All right, enough rambling. I've made my meaningless contribution to the blogosphere for the week. Allow me to leave you with something I never knew existed: Jeff Buckley's cover of Bob Dylan's "If You See Her, Say Hello" - as far as I'm concerned, one of the saddest of sad songs. I had no idea Buckley had covered it:
OK, so it's not as spine-chillingly perfect as his cover of Hallelujah, but it's worth a listen.


5 Comments:
Thank goodness I don't have to live with that southern heat here in north Iowa. I'll take the winters up her over summers down there any day.
I haven't run my ac yet this year, but check back with me in January. lol
Guys up here take off their shirts and walk around in shorts in February when it hits the upper 30s.
But, as I recall Texas, at least by Austin it wasn't quite as humid as Memphis, right?
At times like these I can't help but think of the bizarre candidacy of H. Ross Perot. Perot had an unusual gift. He could make crazy things sound sensible, but, unfortunately, he could also make very sensible things come across as utterly mad.
So it was with his gas tax proposal. He said that, if elected, he would immediately impose a $0.50 per gallon tax on gasoline. The purpose was twofold: The proceeds from this tax would be used to develop alternative fuels, and the tax itself would serve to simply raise the price and discourage usage.
Needless to say, the reception Perot's proposal received was less than enthusiastic.
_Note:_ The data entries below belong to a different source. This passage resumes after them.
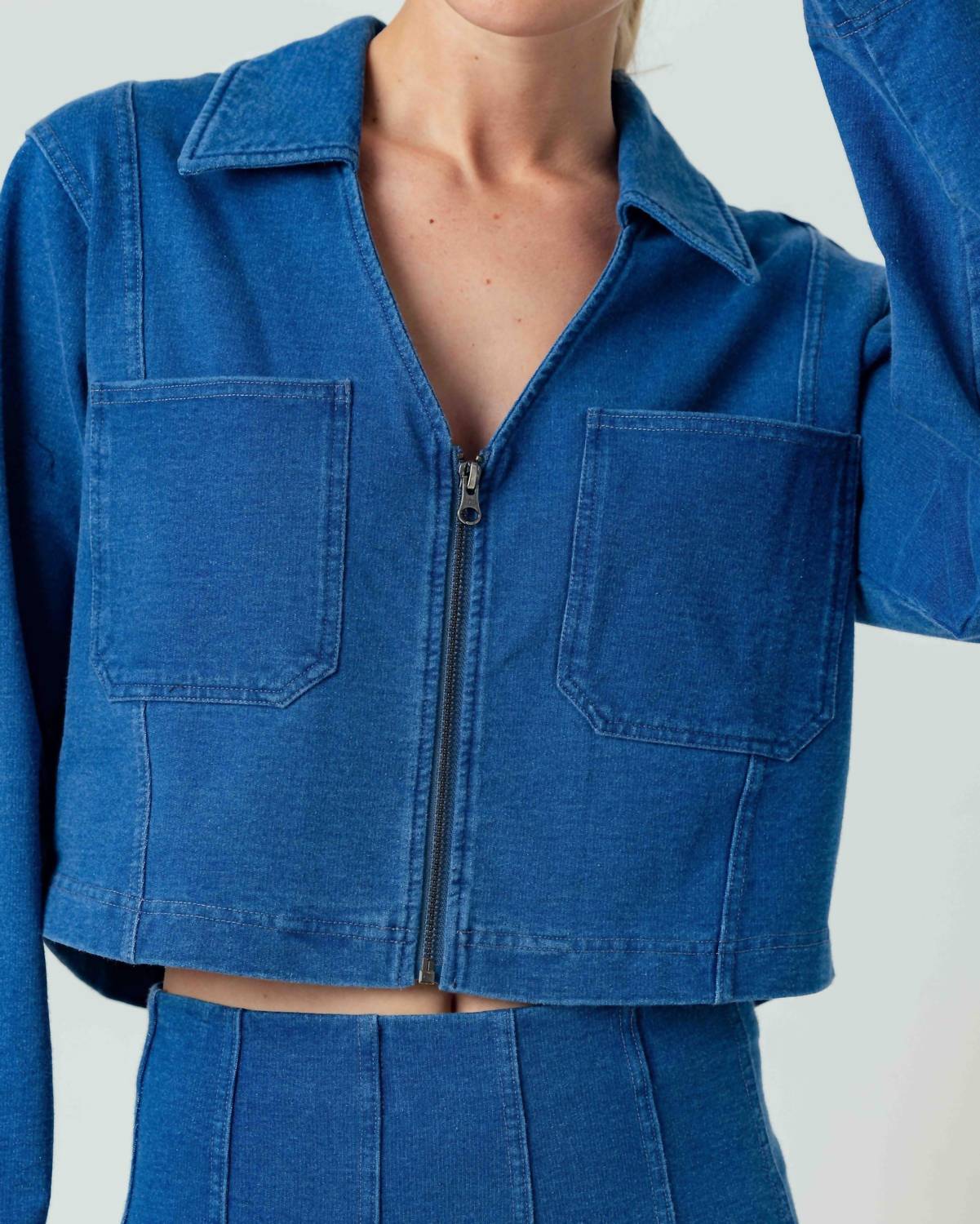 Sundays - Lille Long Sleeve Top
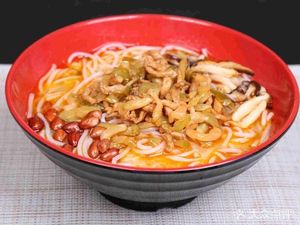 Baoqing Beef Noodles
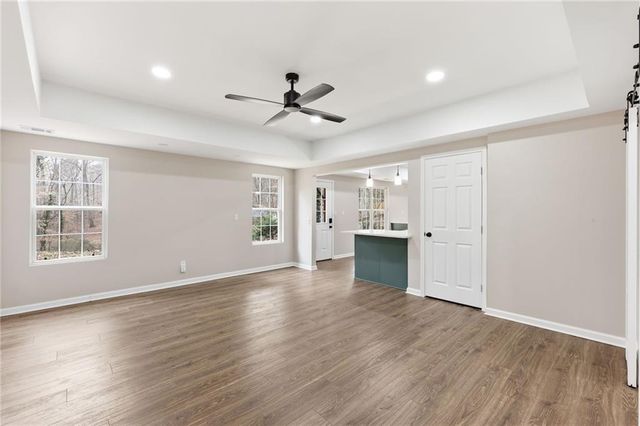 9431 Ponderosa Trail, Gainesville, GA 30506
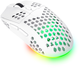 Миша Trust GXT 929 Helox Wireless White (TR25390) - зображення 2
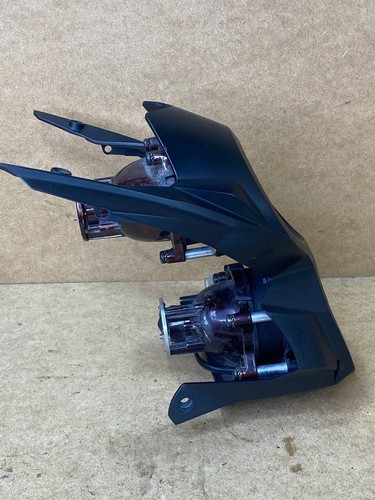 ktm 690 DUKE 2008-2011 Headlight head light - Picture 3 of 5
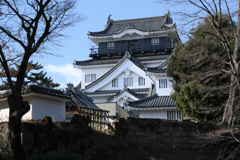 家康公生誕の地岡崎&岡崎城#5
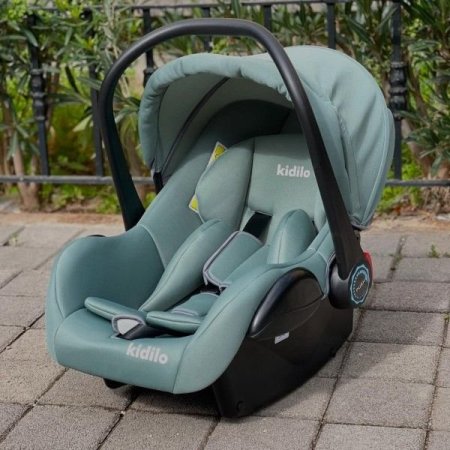 كوت Kidilo يد بلاستيك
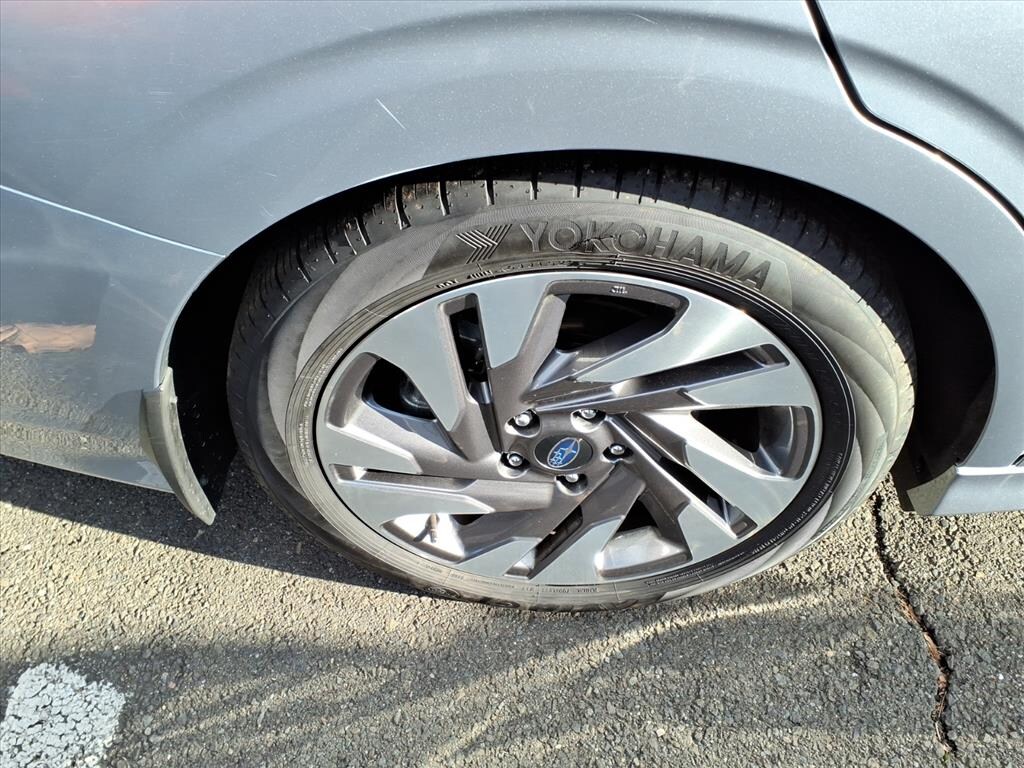 Used 2023 Subaru Legacy Touring XT Sedan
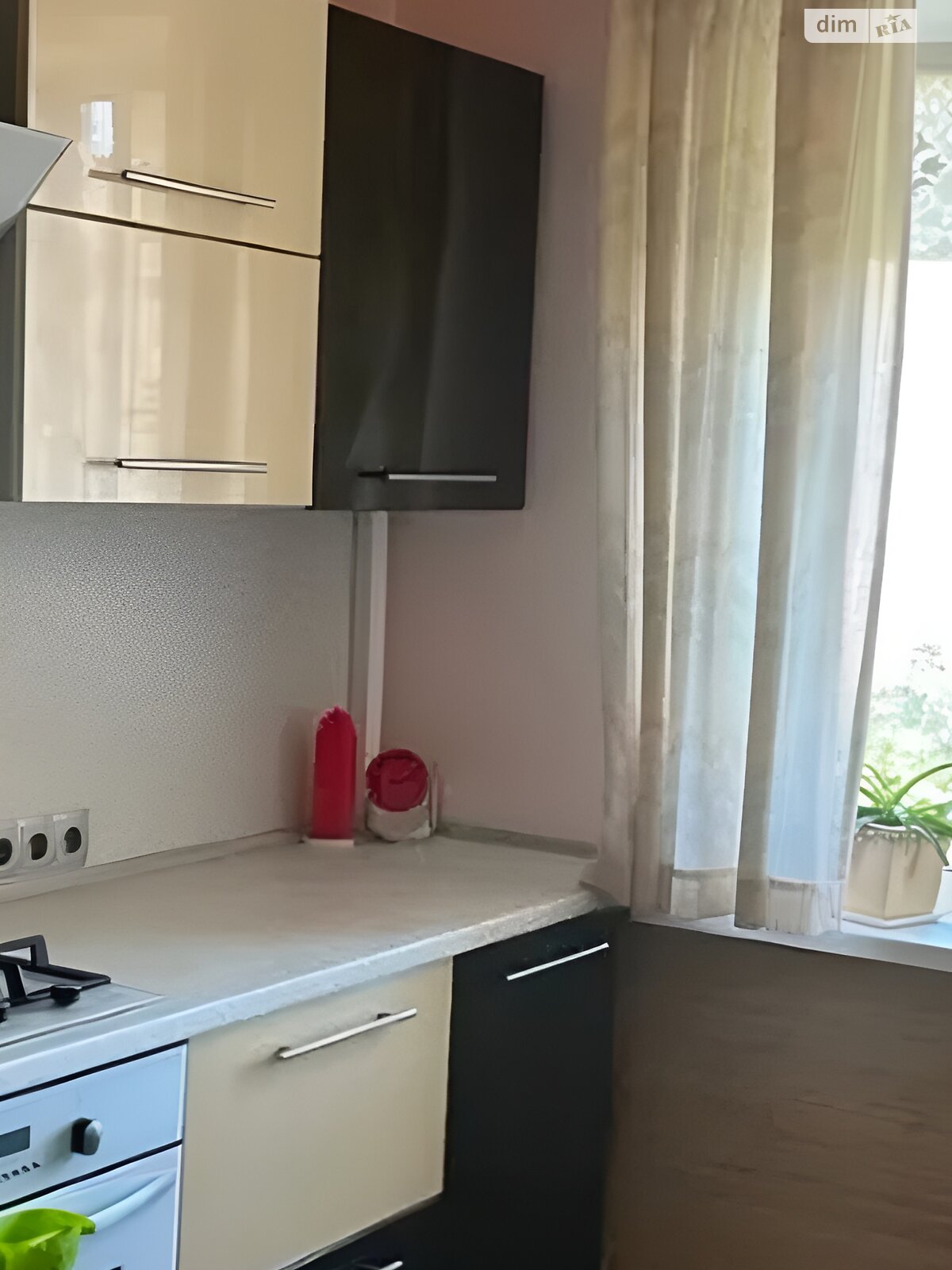 Продаж трикімнатної квартири в Дніпрі, на просп. Героїв 4, район Перемога-4 фото 1 Продаж трикімнатної квартири в Дніпрі, на просп. Героїв 4, район Перемога-4 фото 1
The word "crazy" was used injudiciously. What kind of a pinko would use taxation to change behaviors?
*sigh*
At that time, I thought it was a pretty good idea. In retrospect, he looks like a visionary.
Maybe it's because I live in Midtown, but Memphis has tons of trees!! I mean, when you look down on it from airplanes there are seas of trees.
steve - yeah, it's less humid in austin than in memphis. a place like houston would really be hell on earth, temperature & humidity wise. but i'm someone who vastly prefers obscenely hot weather to freezing weather - i just have no tolerance whatsoever for winter. so give me houston over north iowa any day :P
karma, i was too young when perot was running to really pay attention to the nitty-gritty policy proposals in that election, but in retrospect, yeah, that idea sounds frickin' genius now!
amie, you're right, there are beautiful trees all over midtown (well except union ave which is practically tree-less), but it's kind of astonishing how much they've gutted downtown of trees. and it's especially frustrating on hot summer days when you want to go down to tom lee park but it feels like the frickin' inferno there...
Fearlessvk, I saw some really cool presentations last week at the Sustainable Shelby meeting about what to do with traffic in Memphis - places like Union need a tree-lined center median. They used words like "calming techniques" to slow down traffic.
Now I know the knee-jerk reaction is "I'm *already* behind slow people on the road" so why does it need calming...and my response is that if traffic were more regulated based on pedestrian-friendly "calming techniques" there wouldn't be such a discrepancy between the maniacs who drive too fast and the idiots who drive too slow (thanks, George Carlin), and traffic would find a structured happy medium.
PS Thanks for the shout-out. Woot woot.